Alas, our weather had little if any curative effect upon the Washington family. Indeed G.W. caught a mild attack of
smallpox, and G.W.'s brother succumbed to TB after trying Bermuda and then returning home.
Do you think that hordes of US tourists will flock to Barbados to see the house where Washington slept and pustulated?
But later on
there was an interesting story about G.W. In 1776 he owned a bloody-minded slave he wanted to get rid of. So he sent Tom to the captain of a sloop bound for the West Indies, and with him Washington sent a note. " With this letter
comes a Negro, Tom, which I beg the favour of you to sell in any of the islands you may go to, for whatever he may fetch, and bring me in return : one gallon of best molasses
One gallon of best rum
One barrel of lymes if good and cheap
One pot of tamarinds
Two small pots of mixed sweetmeats.
I cannot find anything historical to tell us the result of that request. Let us forget that story about that great man
Admiral Lord Nelson, who had won many naval battles against the Napoleonic French Fleet, had the
convenient effect of preserving us from the necessity of learning French, and therefore eventually allowing us to become independent, instead of a Departement Francaise, similar to an English County, as has been the sad fate of
Martinique and Guadeloupe.
Such an admirable effect, so suitable (as it proved) to our Bajan ways of thought and political behaviour, would, I imagined, have appealed to whatever political party is our current master. But no!

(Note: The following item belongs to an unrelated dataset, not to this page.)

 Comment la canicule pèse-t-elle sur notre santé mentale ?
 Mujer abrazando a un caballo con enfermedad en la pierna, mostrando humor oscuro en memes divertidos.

Every pol seems keen to banish that rather elegant statue from prominence.
The suggestion is made that Nelson was, if not a slave owner, at least in favour of that now deplorable idea. How dreadful! But Washington certainly was
himself a slave owner. Should he then be forgiven, any more than some ancestral Bajans could possibly be forgiven?
What about Bussa and Franklin, both apparently possible leaders of that failed rebellion of 1816, before
the emancipation of the slaves in 1834. Is it true that Franklin was the paler of the two, and therefore, in the unprejudiced view of the eminent historian and professor, Mr. Hilary Beckles, less entitled to the honour of being a
leader?
When Mr. Karl Broodhagen's impressive statue first appeared it was described as a symbolic representation of an emancipated slave; the whole idea of Bussa came much later.
I wonder what will be the next example of
the brilliant professor's creative history, his creativity so little restricted by any need for evidence.